** What to produce **
Starting at the line containing "Royal Ulster Constabulary" and ending at the line containing "Back of house", transcribe the listing below exactly. Keep both end lines, skip the pictures, and copy nothing else.

** The data **
_ _ _ _
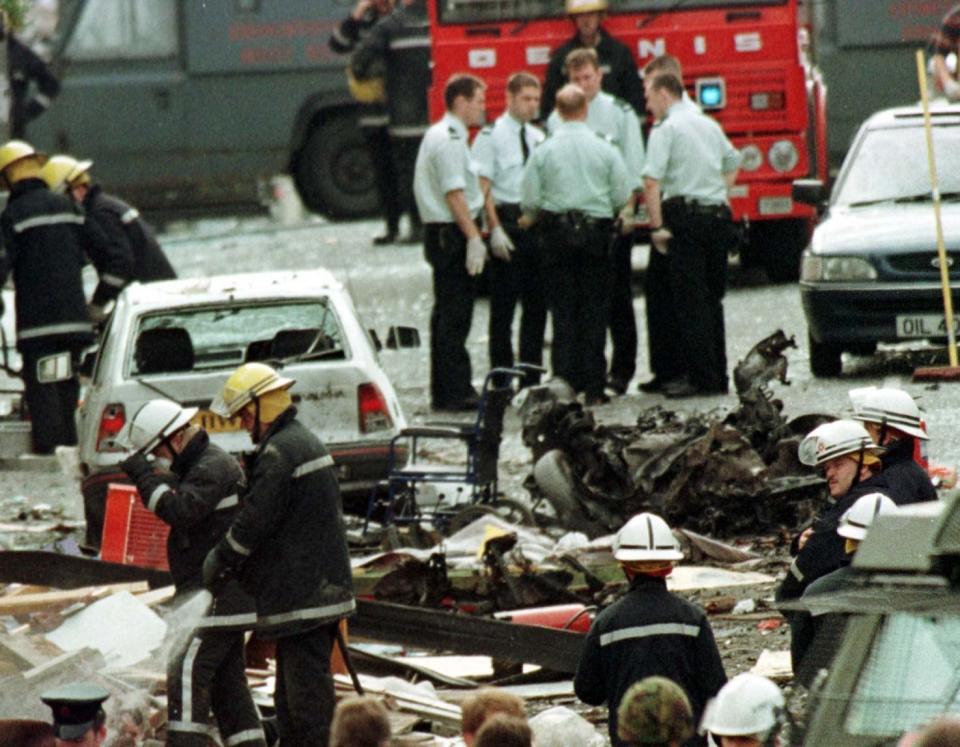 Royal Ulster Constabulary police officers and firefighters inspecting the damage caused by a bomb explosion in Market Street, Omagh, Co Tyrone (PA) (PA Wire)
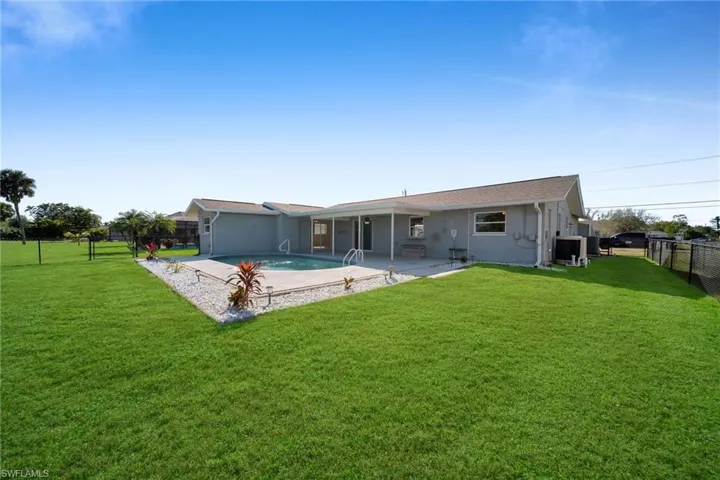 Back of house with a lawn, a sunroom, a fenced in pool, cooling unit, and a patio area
_ _ _ _
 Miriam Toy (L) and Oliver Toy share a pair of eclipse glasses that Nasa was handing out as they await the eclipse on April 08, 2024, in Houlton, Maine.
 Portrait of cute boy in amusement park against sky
_ _ _ _
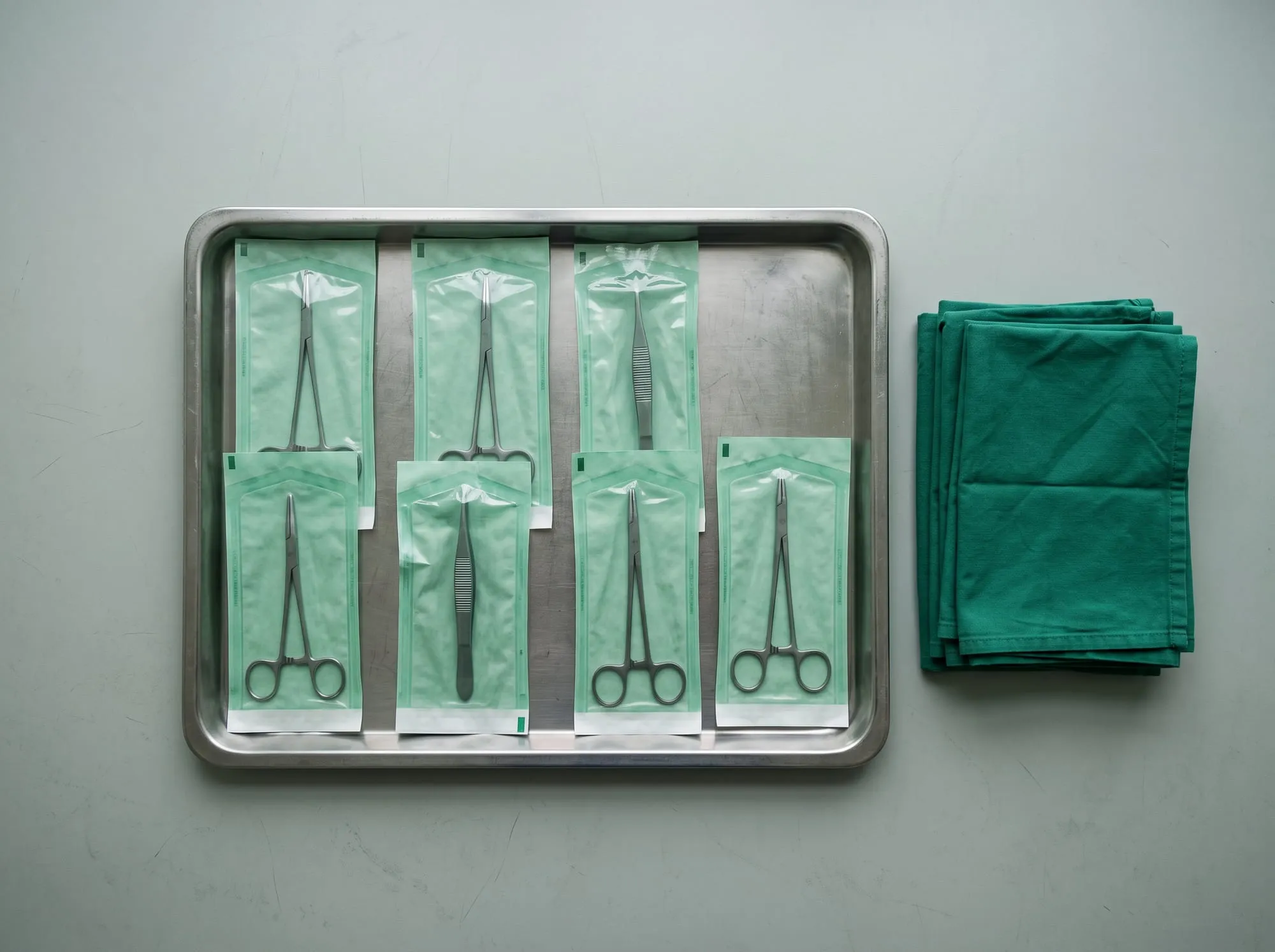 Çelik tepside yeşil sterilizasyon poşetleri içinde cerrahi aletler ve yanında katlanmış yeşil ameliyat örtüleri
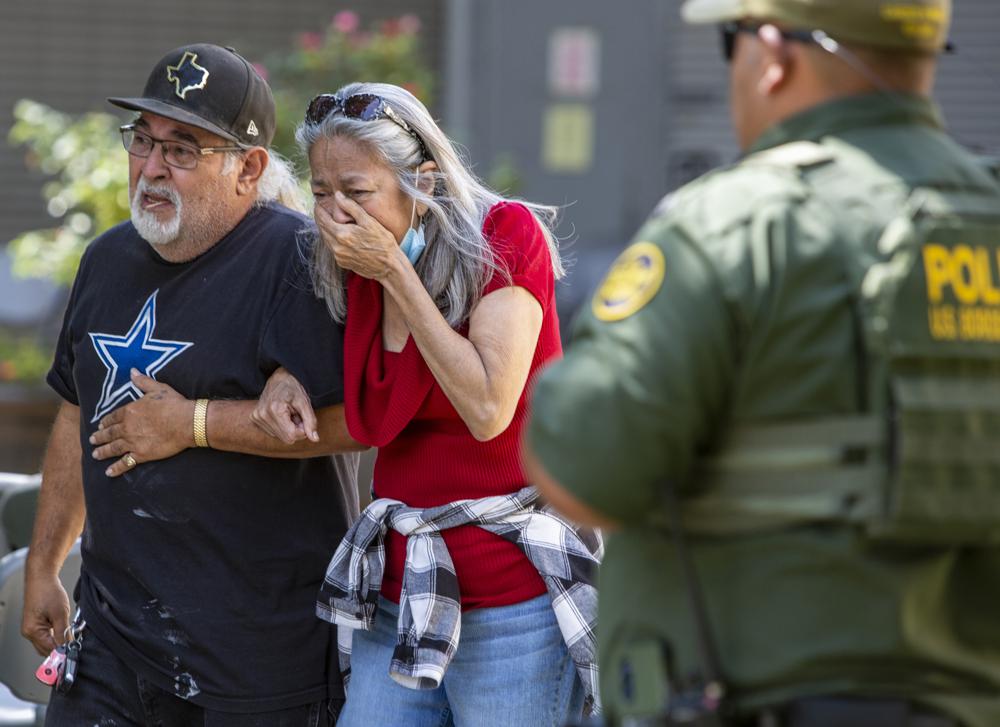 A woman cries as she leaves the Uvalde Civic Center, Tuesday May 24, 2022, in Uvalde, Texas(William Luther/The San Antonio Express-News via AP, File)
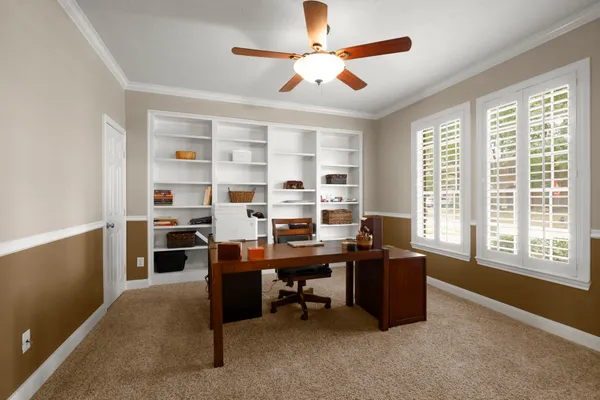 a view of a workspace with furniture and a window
_ _ _ _
** Finished exercise **
 Royal Ulster Constabulary police officers and firefighters inspecting the damage caused by a bomb explosion in Market Street, Omagh, Co Tyrone (PA) (PA Wire)
 Back of house with a lawn, a sunroom, a fenced in pool, cooling unit, and a patio area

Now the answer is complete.